Le alici furono aggiunte molto più tardi, quando venne il pescivendolo, verso la fine degli anni ‘50 del Novecento.
Il pescivendolo credevo fosse di Manfredonia, invece veniva da Bisceglie. Il primo che arrivò fu Cosimo Gramegna. Stava in società con altri nove. Ogni venerdì, tutti e dieci in un camioncino solo, venivano da queste parti. Uno metteva il banco a Candela, un altro a Lacedonia, un altro ancora a Bisaccia, gli altri non ricordo dove mi hanno detto. So che l’ultimo, quello che arrivava più lontano, si fermava a Pescopagano.
Poi a Calitri venne sempre Mauro, che prima restava a Candela.
Mauro Belgiovine aveva incominciato a fare il pescivendolo dopo la guerra, nel ‘47. Quando veniva da noi scendeva ‘ngimma cort2, e per avere l’acqua per sciacquare il pesce pulito, lavare i coltelli e provvedere all’igiene propria e del banco, si metteva vicino a ‘u pìsc’l, sotto al tunnel del municipio, riparato dalla pioggia e dal caldo.
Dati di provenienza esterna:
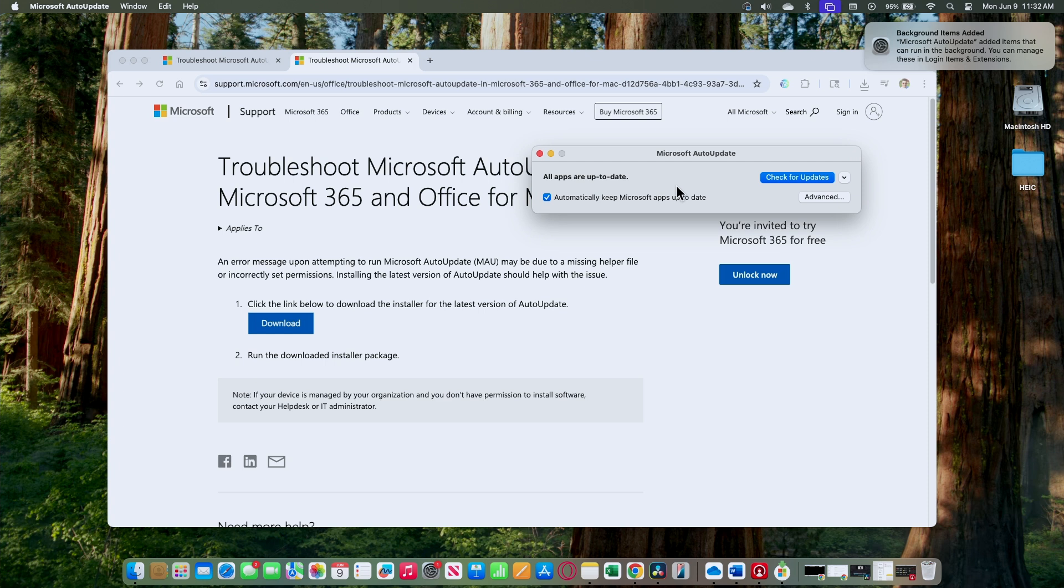So that's the way you can solve this problem with Microsoft AutoUpdate not working. Just install the new one and you're good to go. I hope you like this video. Just subscribe to this channel, leave your thumbs up and your comments, and I see you in the next one.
Apriva le gambe al banco di vendita piegate sotto dalle cerniere, e sul piano di legno stretto e lungo metteva ogni cosa al proprio posto. Le cassette dei pesci tutte da una parte, vicino il blocco di ghiaccio, che ogni tanto grattava e metteva tra le alghe, sui pesci.
Poi sistemava i coltelli, i pesi e la scatola di latta dei biscotti Plasmon, per i soldi. La stadera d’ottone l’appendeva. Infilzati a due ganci, appesi al muro i fogli di carta per il cono in cui riporre quello che vendeva, e i giornali per incartare. La cassetta per gli scarti andava a terra.
Poggiate direttamente sul banco una testa di pescespada e la coda a tranci.
Mauro sembrava il piccolo re del grande immenso abisso. Era magro, non però minuto o rinsecchito. Gli occhietti, portati di qua e di là per tenere in mente il turno di chi servire, erano sottolineati dalle sopracciglia nere e dai baffi sottili. Interveniva nei duetti delle donne, diceva come cucinare il pesce portato e del non pescato per il mare mosso.
E, quando gli sentivo questo, immaginavo le nubi scure e basse, una furiosa tempesta sopra il mare grosso, e i cavalloni solcati da dorsi di balene e navi di pirati.
1) C’tràngula a ‘nzalàta, «arancia amara ad insalata (ossia condita come si condisce la lattuga)». Il termine c’tràngula deriva da cetrangolo: l’arancio amaro.
2) Ngìmma Cort, è la denominazione di quella che, prima del terremoto del 23 novembre del 1980, era la piazza principale del paese. ‘Ngìmma, in cima, sopra, in alto. Cort, potrebbe significare, come riferisce Giulio Acocella nel suo Dizionario del dialetto calitrano, «municipio, tribunale». In effetti ‘ngìmma Cort c’è il Municipio e, al suo interno, c’era la Pretura. È più probabile però che il termine ci sia arrivato dalla terminologia economica dell’alto medioevo. In questo caso indicherebbe il fondo dominante dal quale dipendevano altri fondi coltivati.